====== Records for this task

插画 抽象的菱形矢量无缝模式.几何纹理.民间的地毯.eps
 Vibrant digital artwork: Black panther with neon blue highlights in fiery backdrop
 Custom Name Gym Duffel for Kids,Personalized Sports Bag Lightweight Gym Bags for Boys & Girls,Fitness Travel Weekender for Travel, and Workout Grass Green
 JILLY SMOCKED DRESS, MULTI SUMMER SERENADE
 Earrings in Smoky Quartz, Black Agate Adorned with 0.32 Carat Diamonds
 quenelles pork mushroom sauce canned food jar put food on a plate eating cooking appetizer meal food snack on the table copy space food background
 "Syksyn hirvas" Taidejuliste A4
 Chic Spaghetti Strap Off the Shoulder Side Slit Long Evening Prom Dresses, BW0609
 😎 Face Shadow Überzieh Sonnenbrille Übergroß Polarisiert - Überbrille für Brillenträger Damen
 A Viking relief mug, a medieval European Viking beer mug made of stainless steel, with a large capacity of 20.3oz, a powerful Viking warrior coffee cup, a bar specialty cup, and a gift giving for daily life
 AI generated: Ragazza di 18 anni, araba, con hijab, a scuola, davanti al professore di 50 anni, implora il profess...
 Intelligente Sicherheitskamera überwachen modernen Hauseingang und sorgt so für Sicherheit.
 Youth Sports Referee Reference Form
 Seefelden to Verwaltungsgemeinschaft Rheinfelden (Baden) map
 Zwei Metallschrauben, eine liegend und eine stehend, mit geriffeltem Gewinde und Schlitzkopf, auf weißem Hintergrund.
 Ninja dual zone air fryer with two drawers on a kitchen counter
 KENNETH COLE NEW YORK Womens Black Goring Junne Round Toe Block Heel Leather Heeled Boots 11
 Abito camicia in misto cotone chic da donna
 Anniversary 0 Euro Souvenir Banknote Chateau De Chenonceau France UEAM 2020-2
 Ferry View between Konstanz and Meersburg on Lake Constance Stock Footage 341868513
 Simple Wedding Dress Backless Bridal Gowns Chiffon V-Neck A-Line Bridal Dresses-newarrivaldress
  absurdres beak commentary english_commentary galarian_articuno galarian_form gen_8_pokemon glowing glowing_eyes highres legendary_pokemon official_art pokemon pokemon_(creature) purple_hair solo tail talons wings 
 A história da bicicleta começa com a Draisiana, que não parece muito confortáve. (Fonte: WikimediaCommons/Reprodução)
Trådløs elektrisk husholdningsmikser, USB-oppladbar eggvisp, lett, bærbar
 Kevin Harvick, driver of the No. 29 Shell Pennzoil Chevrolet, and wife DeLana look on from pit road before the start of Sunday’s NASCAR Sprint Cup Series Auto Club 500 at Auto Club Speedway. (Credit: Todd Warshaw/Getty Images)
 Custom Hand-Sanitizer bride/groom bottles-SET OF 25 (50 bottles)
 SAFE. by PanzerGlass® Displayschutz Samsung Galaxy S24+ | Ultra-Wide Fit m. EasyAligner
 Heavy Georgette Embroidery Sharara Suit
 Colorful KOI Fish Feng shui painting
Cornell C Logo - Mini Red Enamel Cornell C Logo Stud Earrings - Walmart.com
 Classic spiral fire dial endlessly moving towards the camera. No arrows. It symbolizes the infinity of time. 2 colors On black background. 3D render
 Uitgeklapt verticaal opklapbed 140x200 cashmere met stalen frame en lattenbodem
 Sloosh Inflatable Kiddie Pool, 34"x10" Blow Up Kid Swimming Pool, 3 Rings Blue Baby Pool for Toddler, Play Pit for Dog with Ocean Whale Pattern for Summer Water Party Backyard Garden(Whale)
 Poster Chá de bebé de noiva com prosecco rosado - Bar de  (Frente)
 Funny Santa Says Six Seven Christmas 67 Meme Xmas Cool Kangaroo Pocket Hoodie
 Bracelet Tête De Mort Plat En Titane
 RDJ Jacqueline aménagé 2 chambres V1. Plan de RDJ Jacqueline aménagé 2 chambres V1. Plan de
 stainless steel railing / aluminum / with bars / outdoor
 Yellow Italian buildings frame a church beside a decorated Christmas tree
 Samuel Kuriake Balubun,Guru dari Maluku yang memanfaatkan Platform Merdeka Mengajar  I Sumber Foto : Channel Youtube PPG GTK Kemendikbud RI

============

§ Problem: Will you return exactly the lines above from the one with "Custom Hand-Sanitizer bride/groom" down to the one with "Colorful KOI Fish Feng shui painting", counting both as part of the range?

§ Written answer:
 Custom Hand-Sanitizer bride/groom bottles-SET OF 25 (50 bottles)
 SAFE. by PanzerGlass® Displayschutz Samsung Galaxy S24+ | Ultra-Wide Fit m. EasyAligner
 Heavy Georgette Embroidery Sharara Suit
 Colorful KOI Fish Feng shui painting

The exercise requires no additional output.